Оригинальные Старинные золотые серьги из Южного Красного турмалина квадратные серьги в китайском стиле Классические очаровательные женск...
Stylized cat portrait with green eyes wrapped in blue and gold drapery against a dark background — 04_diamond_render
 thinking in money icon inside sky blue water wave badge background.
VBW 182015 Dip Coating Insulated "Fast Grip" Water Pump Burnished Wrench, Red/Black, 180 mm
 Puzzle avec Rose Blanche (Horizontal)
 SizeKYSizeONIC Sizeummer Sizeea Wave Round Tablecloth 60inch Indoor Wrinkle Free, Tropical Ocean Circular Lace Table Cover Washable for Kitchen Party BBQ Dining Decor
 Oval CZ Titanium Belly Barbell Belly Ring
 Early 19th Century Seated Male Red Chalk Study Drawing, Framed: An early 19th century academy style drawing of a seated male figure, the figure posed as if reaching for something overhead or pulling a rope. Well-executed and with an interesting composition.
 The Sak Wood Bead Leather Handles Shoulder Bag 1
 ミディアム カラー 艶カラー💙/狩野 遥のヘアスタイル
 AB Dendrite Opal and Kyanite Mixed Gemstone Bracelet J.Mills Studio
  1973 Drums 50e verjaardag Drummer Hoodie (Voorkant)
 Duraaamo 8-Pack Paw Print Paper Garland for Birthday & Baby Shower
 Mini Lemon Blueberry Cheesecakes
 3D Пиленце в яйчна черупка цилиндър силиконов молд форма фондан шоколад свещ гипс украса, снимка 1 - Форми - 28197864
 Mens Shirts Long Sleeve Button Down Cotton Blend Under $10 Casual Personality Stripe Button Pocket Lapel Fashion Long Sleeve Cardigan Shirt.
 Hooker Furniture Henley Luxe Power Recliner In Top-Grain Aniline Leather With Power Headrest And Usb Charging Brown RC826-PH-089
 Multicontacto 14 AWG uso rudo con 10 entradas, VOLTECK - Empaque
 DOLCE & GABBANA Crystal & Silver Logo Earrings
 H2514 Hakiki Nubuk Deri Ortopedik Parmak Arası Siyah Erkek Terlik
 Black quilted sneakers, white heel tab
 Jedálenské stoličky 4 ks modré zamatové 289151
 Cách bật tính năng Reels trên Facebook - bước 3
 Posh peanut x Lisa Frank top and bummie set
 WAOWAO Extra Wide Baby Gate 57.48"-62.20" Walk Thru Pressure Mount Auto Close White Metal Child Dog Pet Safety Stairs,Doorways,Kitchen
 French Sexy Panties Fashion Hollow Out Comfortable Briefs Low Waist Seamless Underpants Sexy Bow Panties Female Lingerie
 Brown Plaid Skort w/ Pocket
————————
▶ **Problem to solve**:
Count every line of the records above in which the string "Baby" appears. The number alone is to be given.

▶ **Solution for this exercise**:
2